I remember hearing from a couple jazz profs in uni that to get a good handle on solid orchestration and arranging, listen to Hank Mancini. Of course, I wasn't aware at the time Mancini was far more diverse in his stylistic sensibilities than the Pink Panther fare or comedies... Lifeforce is a tour de force score, and its main theme is just sensation. all of the lines are clear and his part writing is fantastic. Each idea is so defined. I think I will do a take down of this theme in Dorico and NotePerformer. It's just so... kick ass.


----------



## Baronvonheadless (Mar 11, 2022)

^^ Yeah that's a nice piece for sure. I think my all time favorite of his is the Wait Until Dark/Theme for three!

It's perfect.


----------



## Henu (Mar 12, 2022)

Oh, you mean Michael Hoening's music from Baldur's Gate? :D



As a fun anecdote:Being a huge fan of the BG- series and especially the soundtracks for over 20 years, we watched Lifeforce with the missus a couple of years ago for first time- and when the opening titles started to play I almost fell down from the sofa, haha! "WHAT THE HELL THIS IS FROM BALDUR'S GATE!!!!"


----------



## Baronvonheadless (Mar 12, 2022)

^^ Holy shit. How did they not get sued for that?

BTW, love baldurs gate. Playing the third one in early access right now! I really would love to score a video game like that. 

So far the score is good for sure, good sound design and fx too. But oh man, let me at it!


----------



## MaxOctane (Mar 12, 2022)

dcoscina said:


> Lifeforce is a tour de force score, and its main theme is just sensation. all of the lines are clear and his part writing is fantastic.
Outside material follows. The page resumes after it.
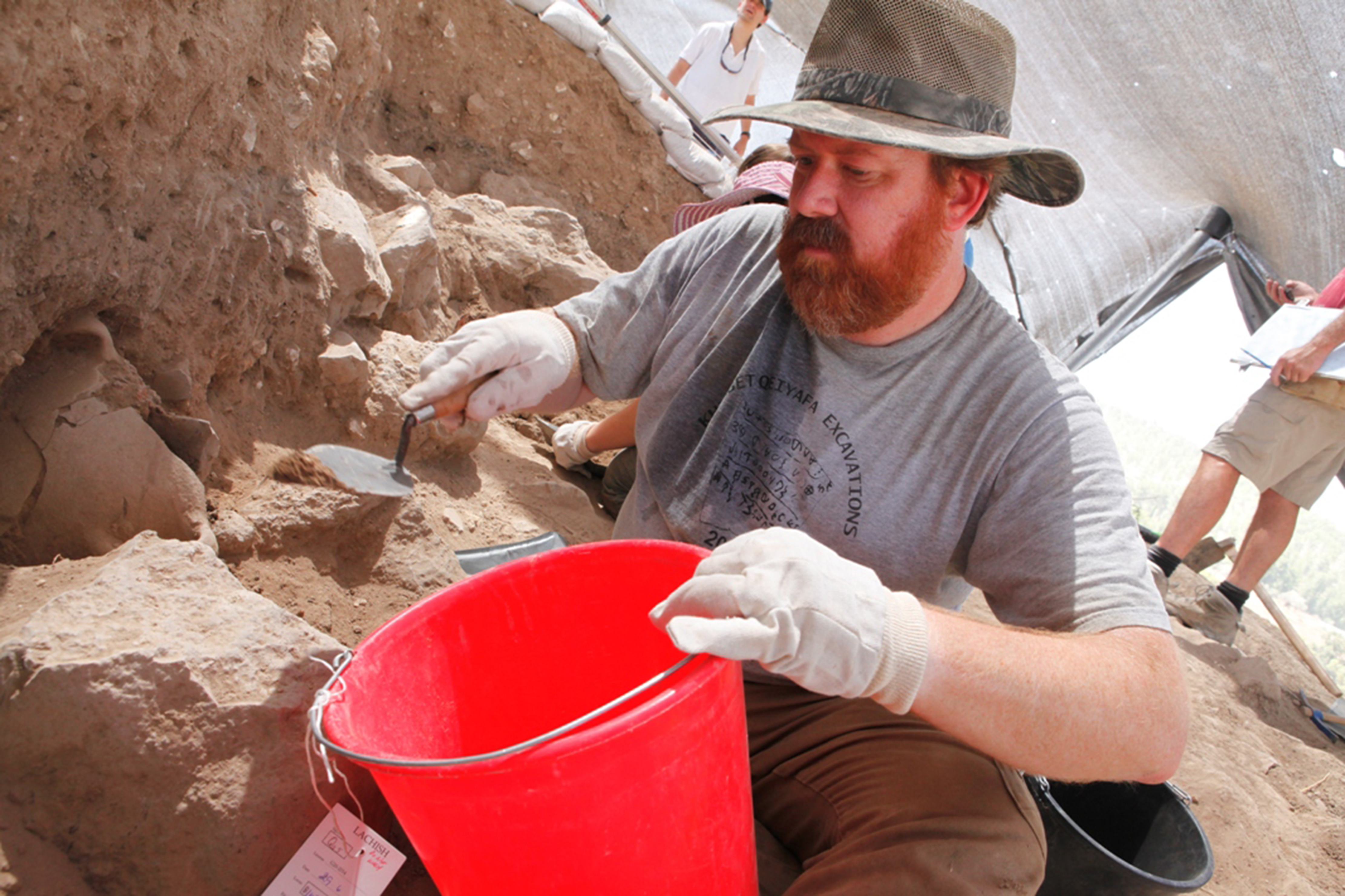 someone working with a bucket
Totally. As a teenager, back when there was no way to get the score on CD, I would watch this on VHS over and over.


----------



## dcoscina (Mar 13, 2022)

MaxOctane said:


> Totally. As a teenager, back when there was no way to get the score on CD, I would watch this on VHS over and over.


Did you ever hold an old tape recorder up to the tv speaker to tape the opening credit music (and tell your family to be quiet when doing so?). Ahhhh the memories


----------



## dcoscina (Mar 13, 2022)

I did a little take-down (by ear) using Dorico 4 and NotePerformer. Not completely on the mark but close.


----------